Talvez a maior imprudência visível seja a atual política ambiental, que está
fadada ao desastre absoluto, porque assentada em base políticas e ideológicas
com 50 anos de atraso, ou seja, que remontam à estratégia de ocupação e
exploração econômica da Amazônia do regime militar. Suas consequências de curto
prazo — perda de investimentos, dificuldades de comercialização de produtos e
isolamento internacional —, apontam para um desastre muito maior, porque o
mundo passa por uma mudança de padrão energético que está nos deixando muito
para trás, como aconteceu na Segunda Revolução Industrial, à qual só viemos a
nos incorporar na década de 1950.
A
questão ambiental é apenas a ponta do iceberg: falta-nos um projeto capaz de
construir consensos políticos majoritários e resgatar nossa coesão social, para
uma grande reforma democrática do Estado e a redução das desigualdades, no
espaço de uma ou duas gerações. Ninguém tem uma fórmula pronta e acabada para
isso. A única certeza é que os velhos paradigmas, que alimentam a polarização
ideológica atual, não são capazes de dar as respostas adequadas aos problemas
brasileiros. O pior é que o velho nacional desenvolvimentismo e os populismos
de direita e de esquerda rondam as instituições políticas, sem que nenhuma
dessas vertentes tenha a menor capacidade de dar respostas adequadas às
contradições atuais.
A
Revolução Francesa inspirou nossas instituições políticas, assim como a
Revolução Americana, matriz das nossas ideias federativas. Tanto a França como
os Estados Unidos, porém, vivem novos dilemas, com a revolução tecnológica e a
globalização, em que perdem protagonismo econômico e político, a primeira para
Alemanha, os segundos para a China. Esses quatro países protagonizam as linhas
de força do desenvolvimento mundial, no qual precisamos nos inserir de maneira
mais proativa. Nenhum deles, porém, nos serve de modelo de desenvolvimento.
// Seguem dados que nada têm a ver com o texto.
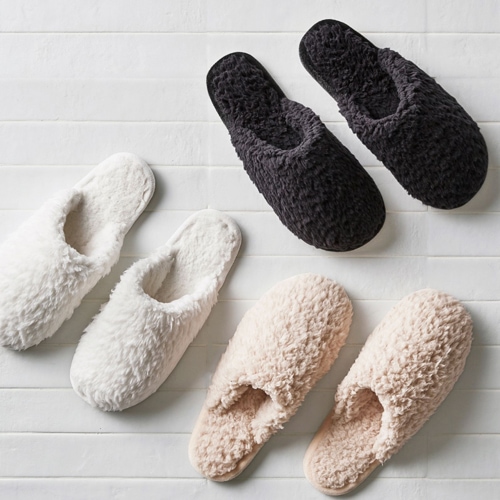 These teddy bear slippers are the best holiday gift! #ABlissfulNest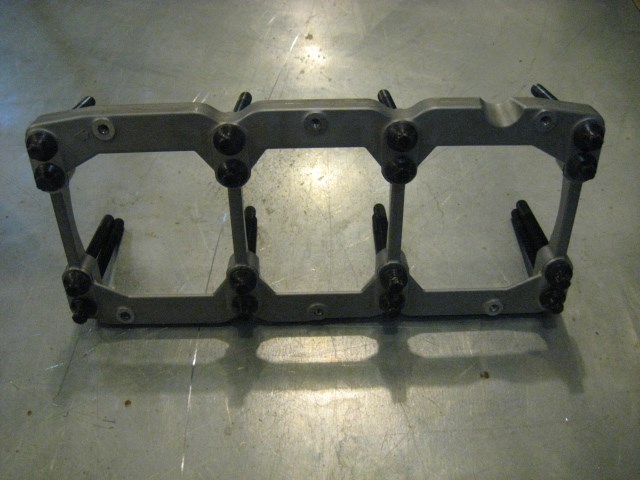 04 Nissan 350Z Crank Case Bracket  R15726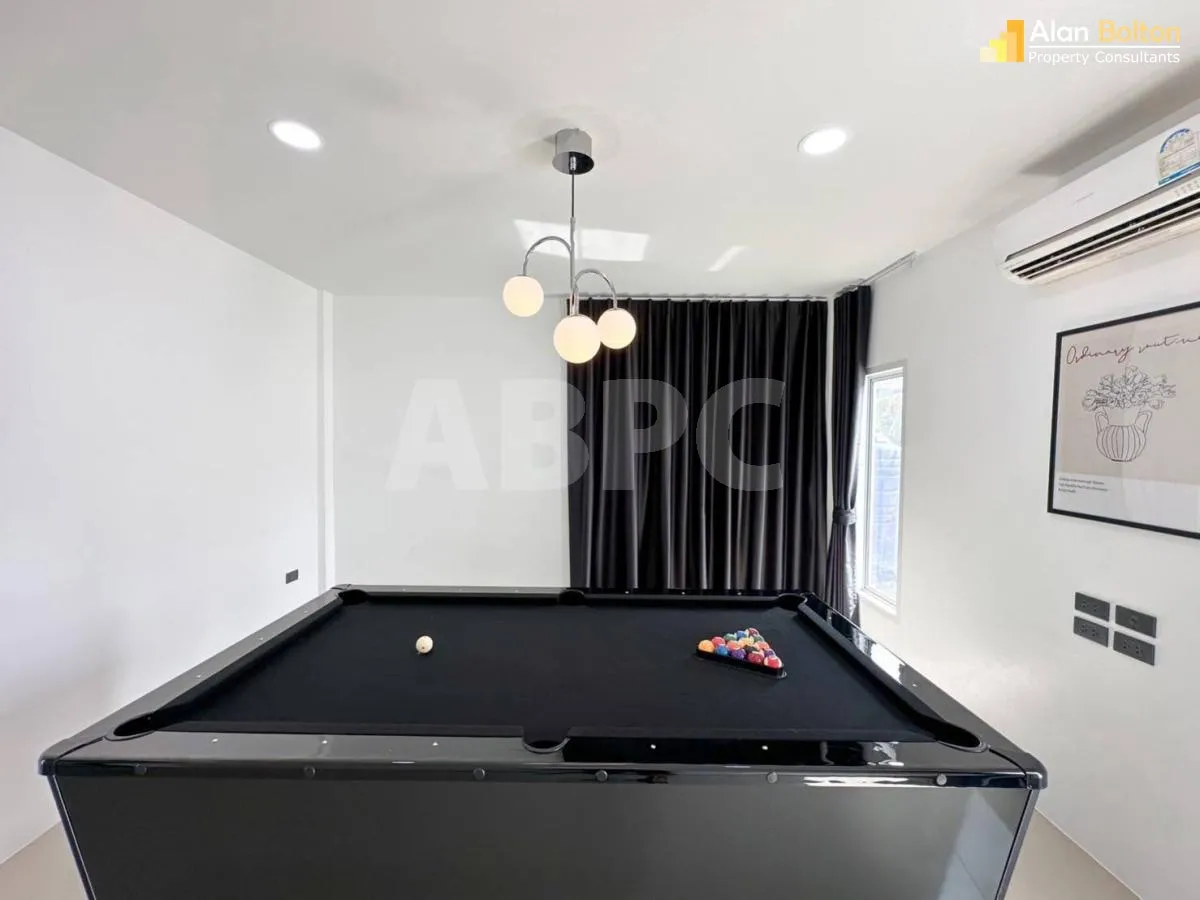 Modern 6 Bed 5 Bath Pool Villa in East Pattaya ABPC1075 photo 7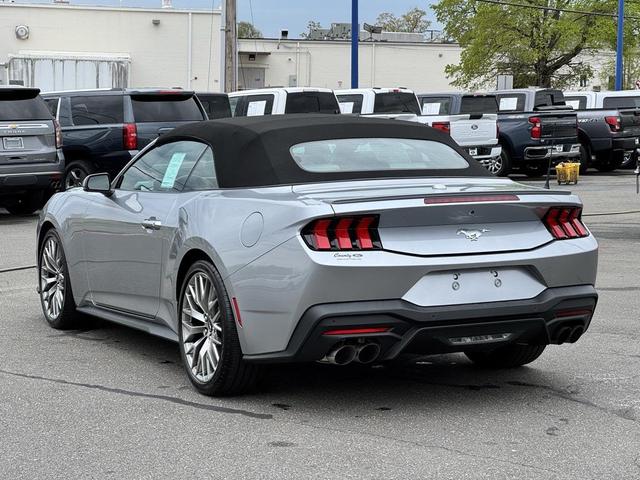 Photo of 2025 Iconic Silver Metallic Ford Mustang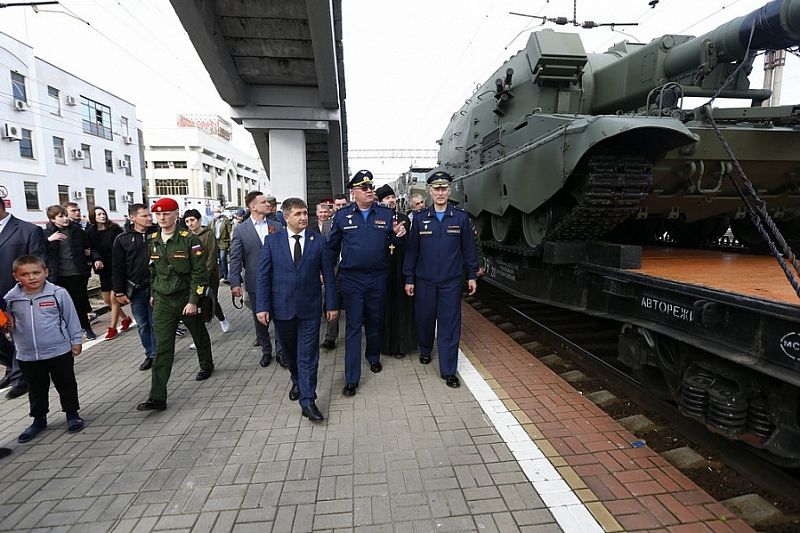 Более 12 тысяч жителей Краснодара посетили выставочный поезд Минобороны России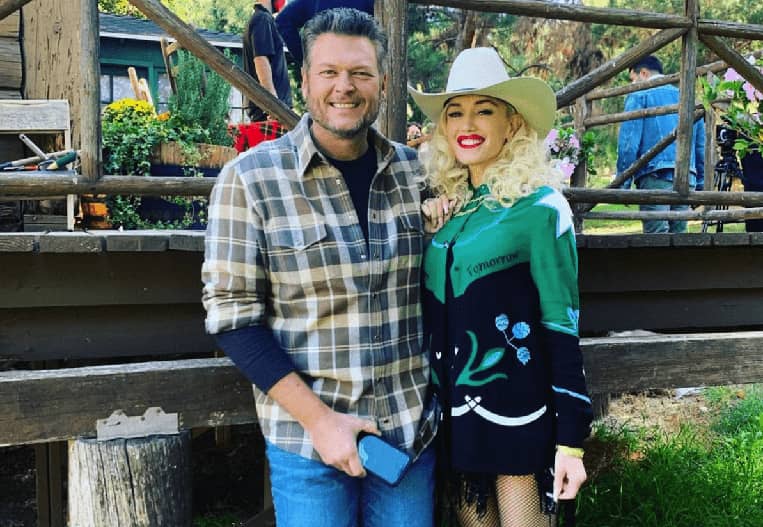 Blake-Shelton-Gwen-Stefani-The-Voice-Wedding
Os Estados Unidos não nos darão de bandeja um Plano Marshall, o Mercosul está cada vez mais na contramão da União Europeia e não nos interessa a militarização do Atlântico Sul. Precisamos traçar o nosso próprio rumo. Nossos gargalos econômicos e sociais têm raízes ibéricas (patrimonialismo, compadrio, clientelismo) e escravocratas (a exclusão social e o racismo estrutural). O xis da questão é produzir uma nova síntese sobre a realidade brasileira e, politicamente, desatar os nós institucionais que impedem o nosso desenvolvimento sustentável. Nossa elite política não tem se demonstrado capaz de cumprir essa tarefa.